# Suggestions for a 38 gallon?



## xltom (Mar 21, 2008)

Can any one give me a good idea for a 38 gallon tank? I currently have malawi mbuna in it but the aggression is high. I'll list what freshwater fish I'm keeping now to give you an idea of my tastes and maybe a starting point.
4 demasoni
1 yellow lab
1 unknown peacock pair
1 acei
3 afra
I'm not set on any one species or type of fish but this tank is in my living room so I'd like something very showy. Thanks......xltom[/img]


----------



## Joea (May 25, 2004)

Your best bet would be to add another 10 _Ps. demasoni_ and another three or four _L. caeruleus_ (Yellow Lab) and remove the rest.

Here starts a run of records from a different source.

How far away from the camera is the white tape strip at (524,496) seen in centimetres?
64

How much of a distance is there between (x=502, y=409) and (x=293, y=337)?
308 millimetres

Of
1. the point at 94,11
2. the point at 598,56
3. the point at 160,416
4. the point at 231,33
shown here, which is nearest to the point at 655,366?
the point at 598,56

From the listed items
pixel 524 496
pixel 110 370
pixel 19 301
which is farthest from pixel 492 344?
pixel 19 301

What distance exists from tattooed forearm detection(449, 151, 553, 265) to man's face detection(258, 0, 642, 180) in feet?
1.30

_Ps. demasoni_ are best in groups of 12 or more and four likely won't stay four for long. The peacocks will not fare well with the more boisterous mbuna and shouldn't be kept in a pair anyway as the male may harass the female to the point of death. The _Ps_. sp. "acei" and _Cy. afra_ are simply the "odd men out".


----------



## xltom (Mar 21, 2008)

Joea,
Can I keep demasoni/labs in a 3ft tank? They are large. I haven't had much success adding smaller specimens. Thanks


----------



## Joea (May 25, 2004)

I have about 20 in mine. _Ps. demasoni_ aren't large, they're a dwarf mbuna and dominant males shouldn't get much more than 4 inches. They also aren't overly territorial and don't get fiercely protective of their area. _L. caeruleus_ shouldn't really get any larger than 5 inches.


----------



## xltom (Mar 21, 2008)

Joea,
I checked out your tank. Very encouraging. Could you tell me how long they have been in there? Have you had many losses. How often do you rearrange the rockwork? Thanks.......xltom


----------



## Joea (May 25, 2004)

I've had that setup for almost three years. I've had a couple of jumpers and one male that I found belly up about a year ago, I'm not sure why. The rest have been fine. They breed regularly and I rearrange the rock work anytime I want to remove a holding female. The picture in that profile is quite old and there is a lot more rock work in the tank now.


----------



## xltom (Mar 21, 2008)

Do you think I should keep the adults I have or start from scratch? Could you send me a private message with a good source for stock? Thanks for your help, I was about to scrap the tank and switch to SW....xltom


----------



## Joea (May 25, 2004)

As long as you don't add very small fry, anything over an inch should do fine with the adults. Add them all at once, the large group makes it nearly impossible for dominant fish to chase and catch smaller fish. I've never had any problems adding 1 inch juveniles to a tank with 4 inch adults.

As for stock, I wouldn't know of anyone in your area but there are several online sources that are sponsors. I would recommend any of them as they all have good reviews.

You can check out their links here.

http://www.cichlid-forum.com/links.php


----------



## xltom (Mar 21, 2008)

Joea,
A lot has changed since my last post on this thread! I bit the bullit and bought a 75 gallon. Today I bought 15 1 inch Demasoni allegidly procured by my local LFS from the man himself "Demason" in Florida. I guess we'll see if they really can make it with the big boys! I'm a little worried they might fit in the peacocks mouth but at the first sign of trouble I'll move all the juvie demasons to the 38 gallon to grow a little more. It's up and running with some convict fry in it. I'll just use them as feeders some where else. Think I should remove the peacock now?.......


----------